Work to be completed: Repeat each record exactly. Any picture gets left out.

═══ Information supplied

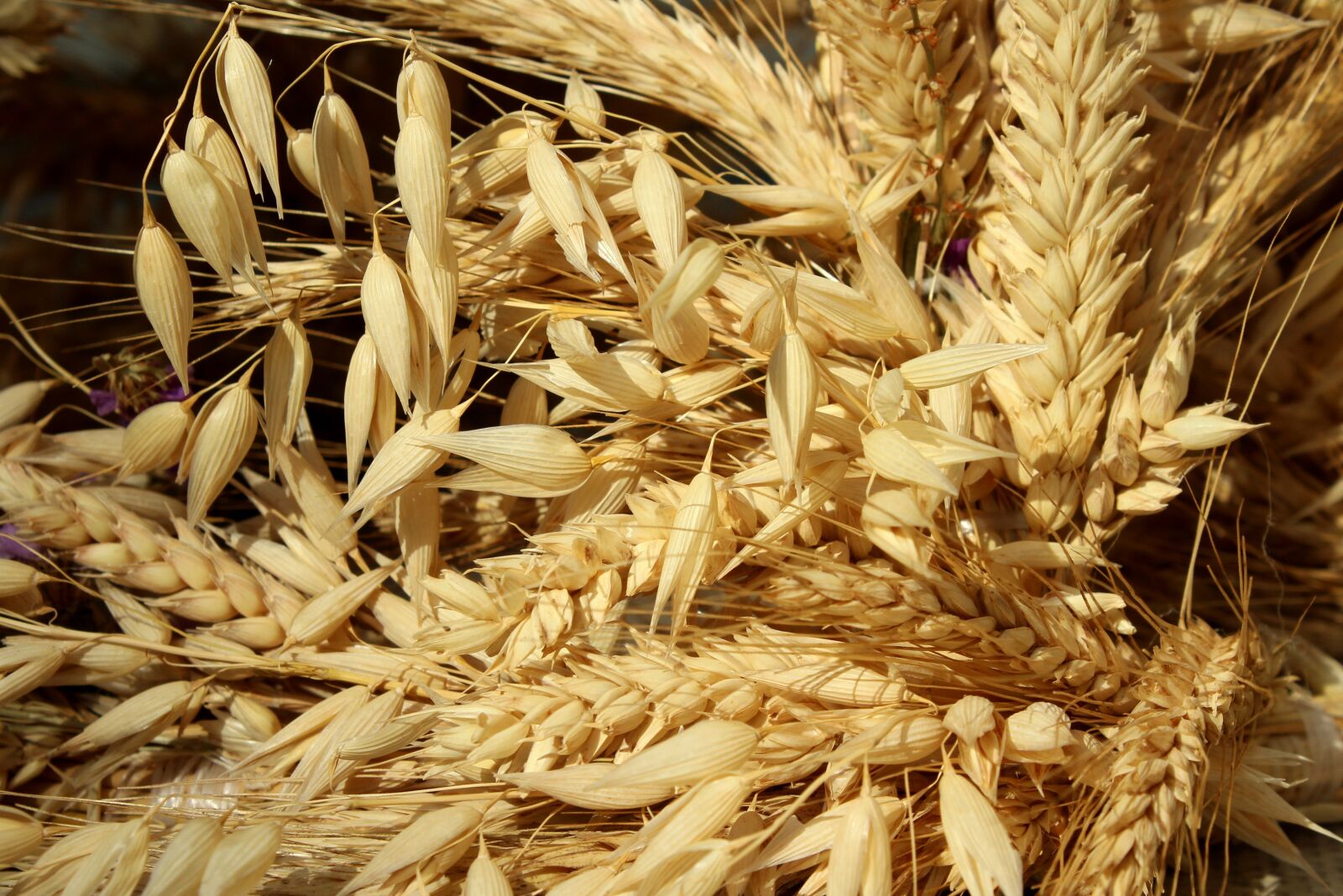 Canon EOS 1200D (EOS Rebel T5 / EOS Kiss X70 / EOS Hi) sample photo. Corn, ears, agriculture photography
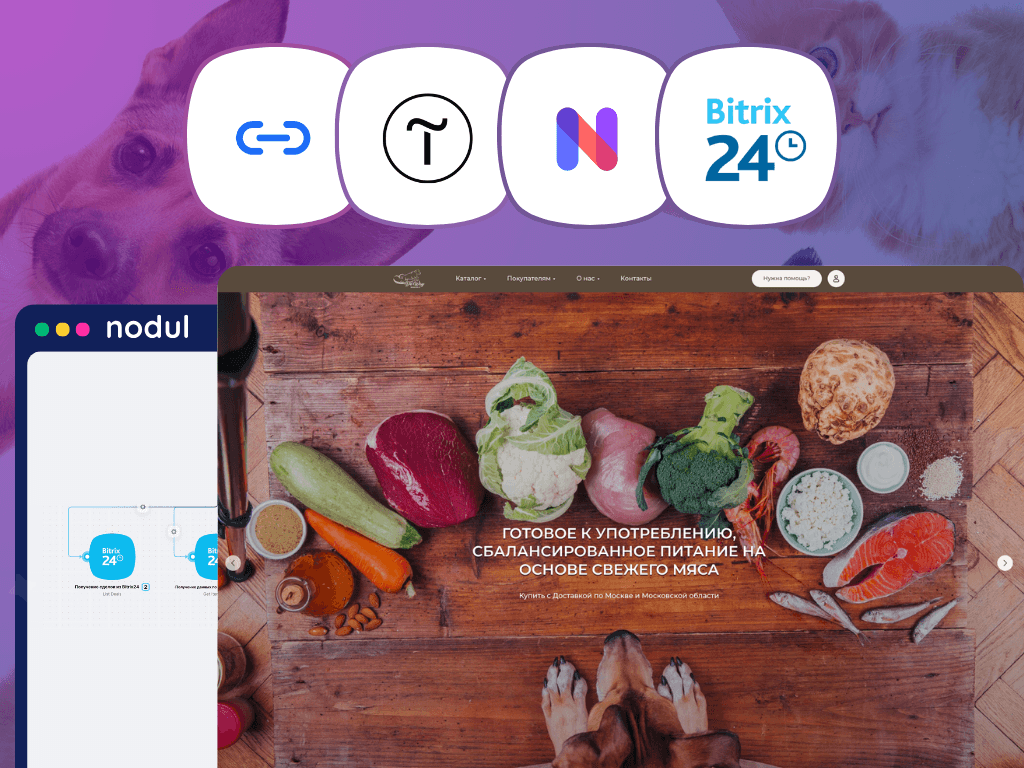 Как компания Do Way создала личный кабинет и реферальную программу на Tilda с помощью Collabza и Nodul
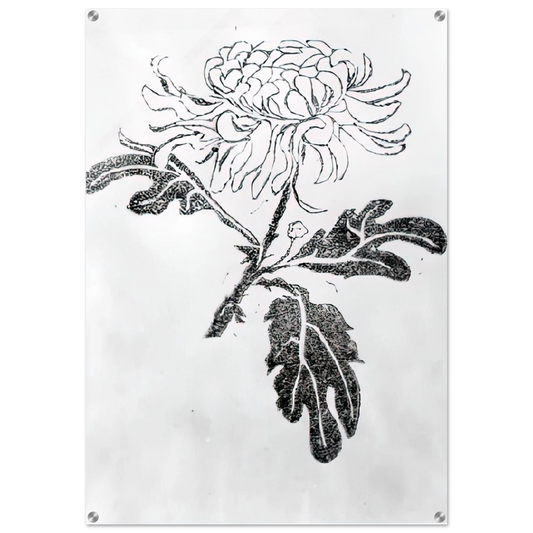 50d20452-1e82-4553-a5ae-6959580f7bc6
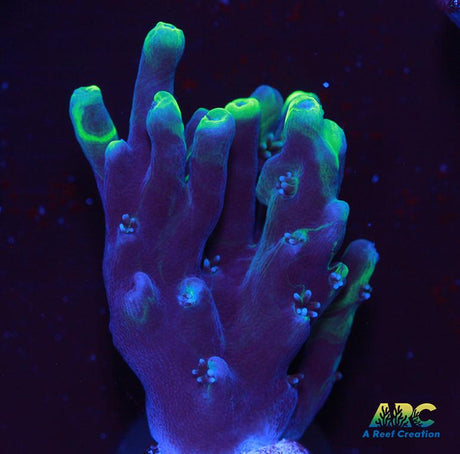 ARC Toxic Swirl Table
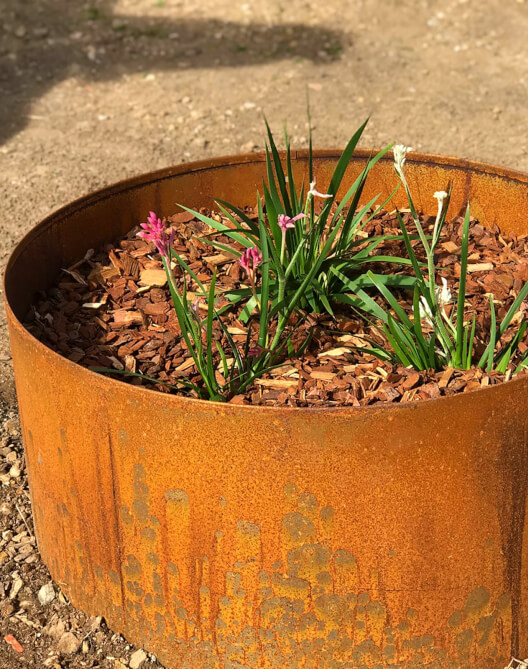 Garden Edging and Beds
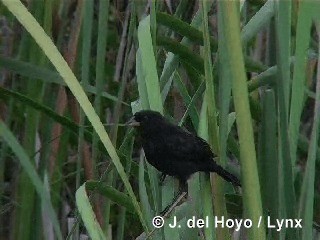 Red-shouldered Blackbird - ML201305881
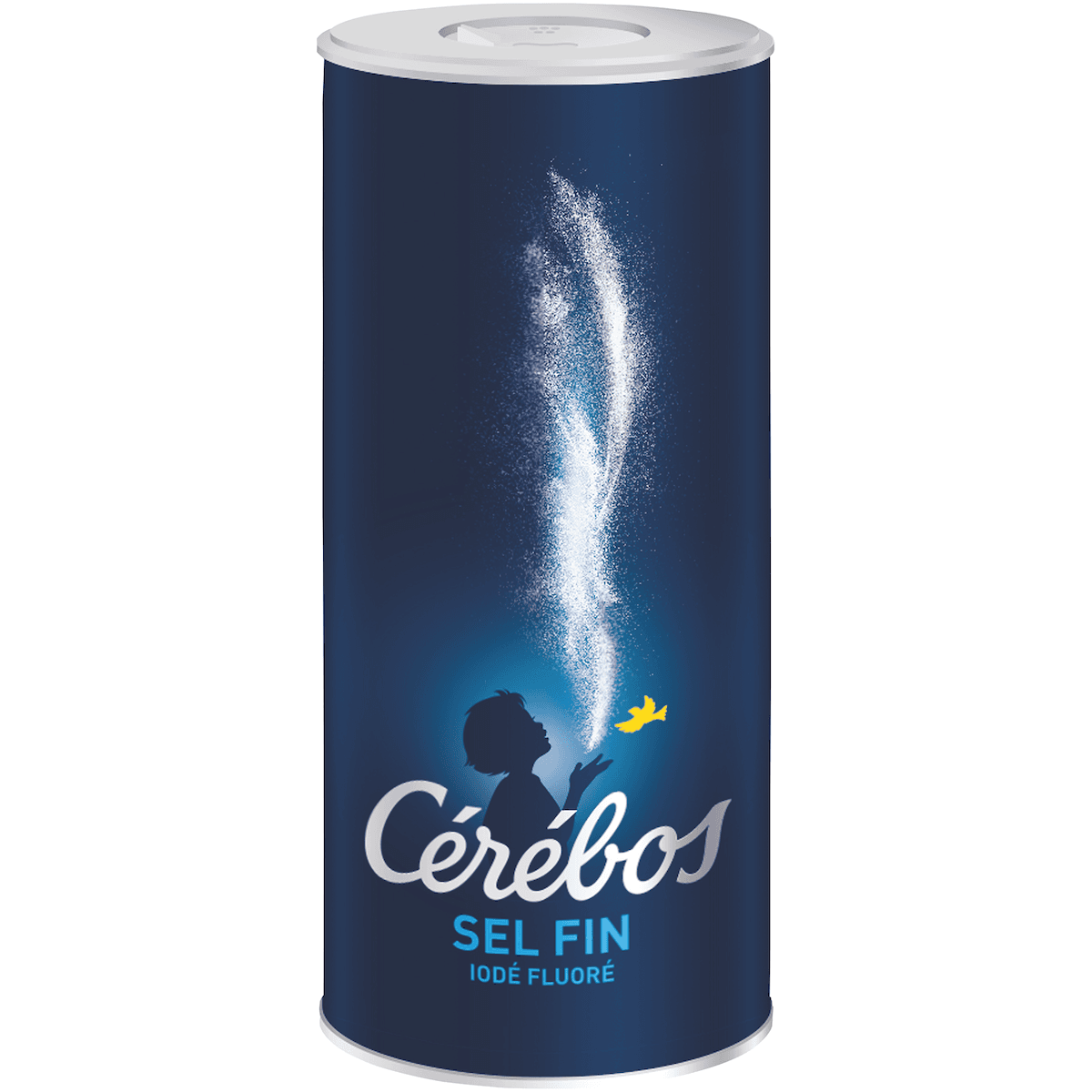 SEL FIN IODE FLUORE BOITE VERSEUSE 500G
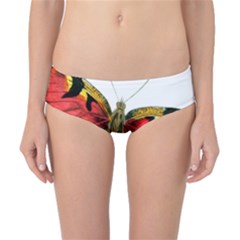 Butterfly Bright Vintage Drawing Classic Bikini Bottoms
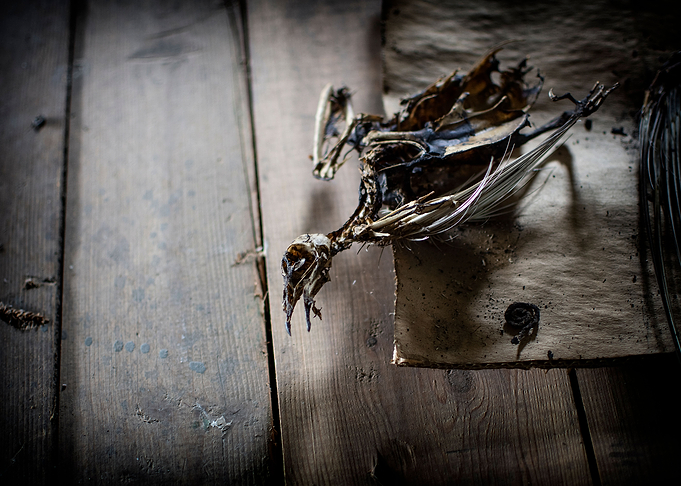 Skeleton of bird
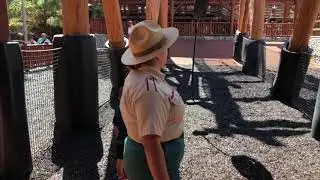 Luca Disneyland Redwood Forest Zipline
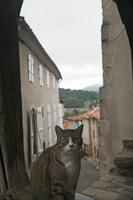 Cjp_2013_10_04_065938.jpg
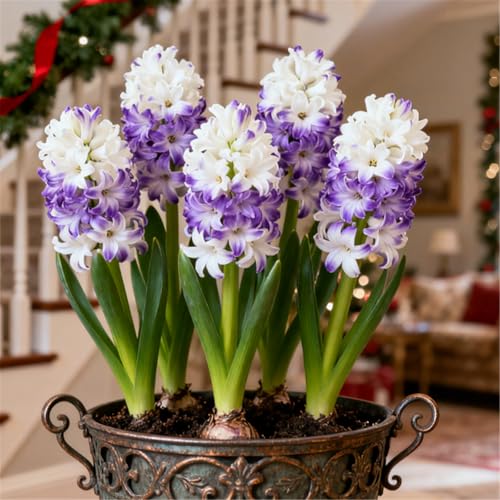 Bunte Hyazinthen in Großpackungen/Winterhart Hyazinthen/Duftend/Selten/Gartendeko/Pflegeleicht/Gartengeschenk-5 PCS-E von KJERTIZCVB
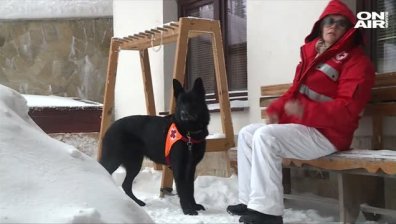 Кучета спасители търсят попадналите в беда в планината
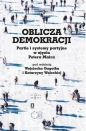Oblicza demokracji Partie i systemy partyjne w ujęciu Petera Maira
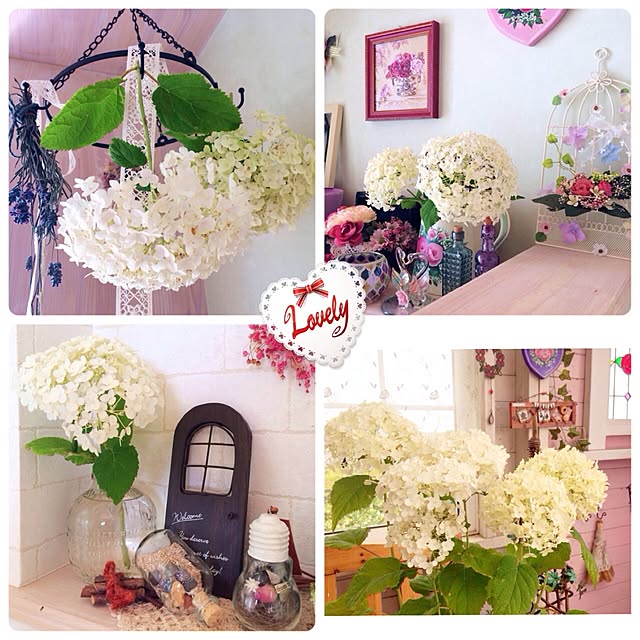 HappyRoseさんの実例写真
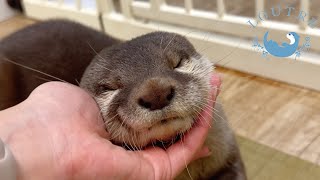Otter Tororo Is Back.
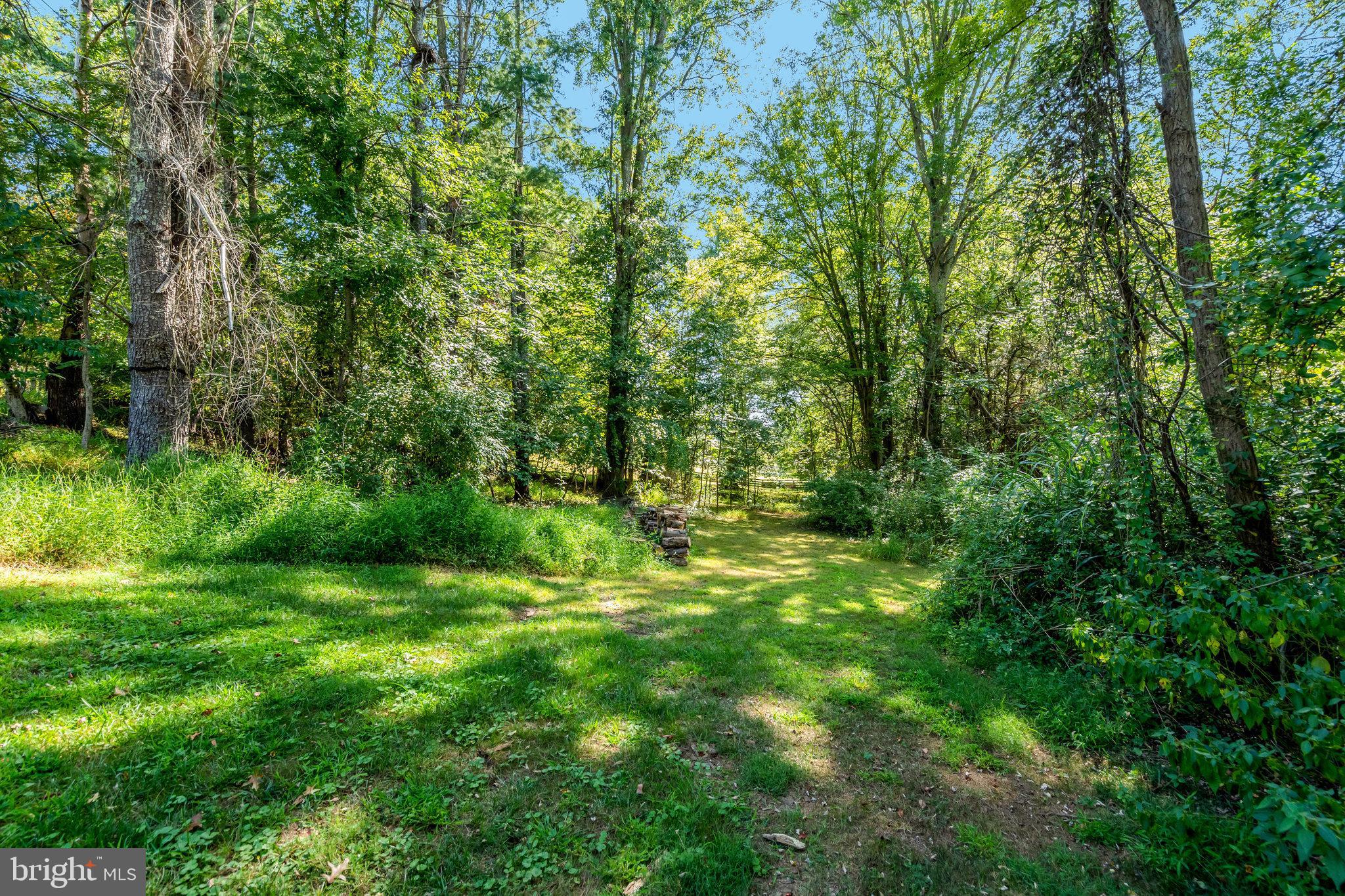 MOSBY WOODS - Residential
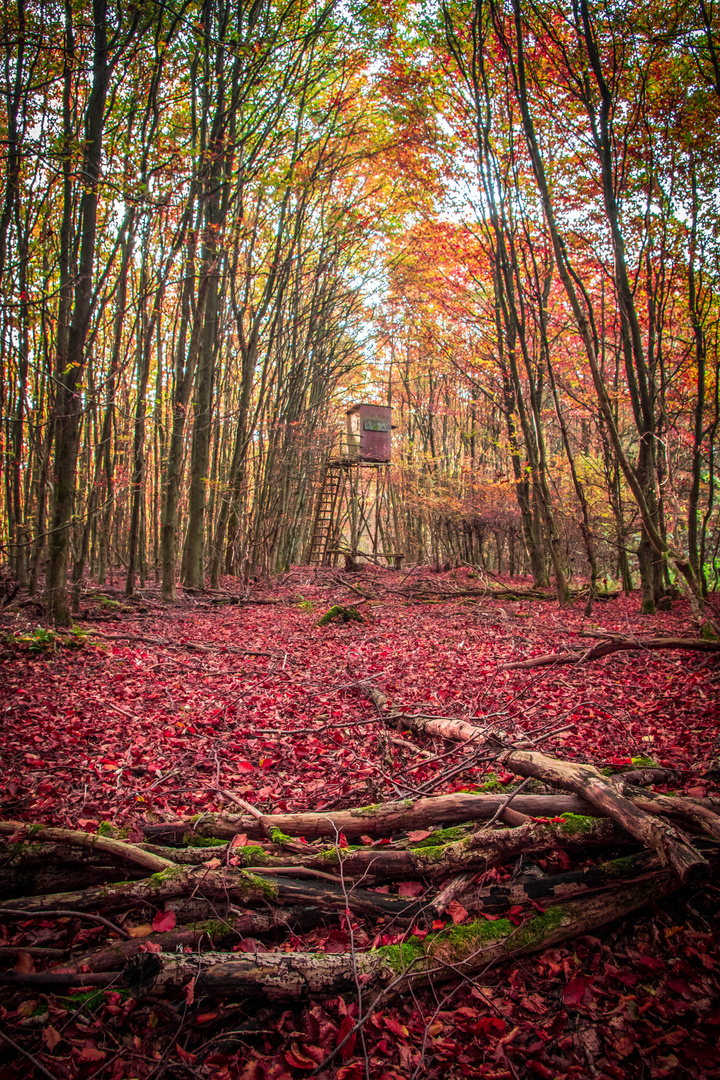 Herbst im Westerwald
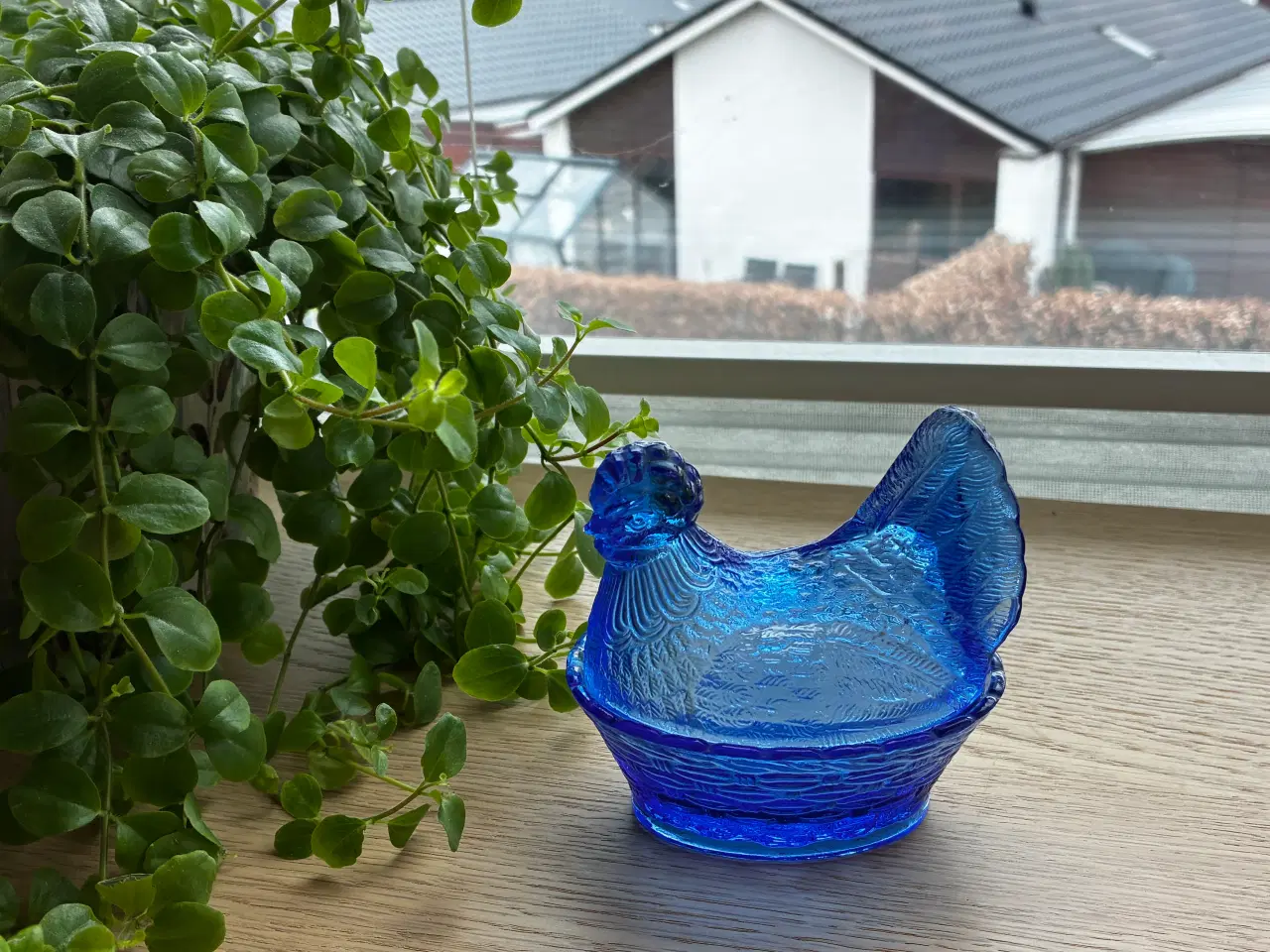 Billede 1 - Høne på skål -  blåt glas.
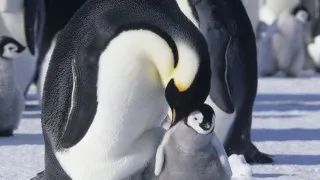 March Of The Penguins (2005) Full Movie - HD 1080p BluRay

══════

Solution to the exercise:
 Canon EOS 1200D (EOS Rebel T5 / EOS Kiss X70 / EOS Hi) sample photo. Corn, ears, agriculture photography
 Как компания Do Way создала личный кабинет и реферальную программу на Tilda с помощью Collabza и Nodul
 50d20452-1e82-4553-a5ae-6959580f7bc6
 ARC Toxic Swirl Table
 Garden Edging and Beds
 Red-shouldered Blackbird - ML201305881
 SEL FIN IODE FLUORE BOITE VERSEUSE 500G
 Butterfly Bright Vintage Drawing Classic Bikini Bottoms
 Skeleton of bird
 Luca Disneyland Redwood Forest Zipline
 Cjp_2013_10_04_065938.jpg
 Bunte Hyazinthen in Großpackungen/Winterhart Hyazinthen/Duftend/Selten/Gartendeko/Pflegeleicht/Gartengeschenk-5 PCS-E von KJERTIZCVB
 Кучета спасители търсят попадналите в беда в планината
Oblicza demokracji Partie i systemy partyjne w ujęciu Petera Maira
 HappyRoseさんの実例写真
Otter Tororo Is Back.
 MOSBY WOODS - Residential
 Herbst im Westerwald
 Billede 1 - Høne på skål -  blåt glas.
 March Of The Penguins (2005) Full Movie - HD 1080p BluRay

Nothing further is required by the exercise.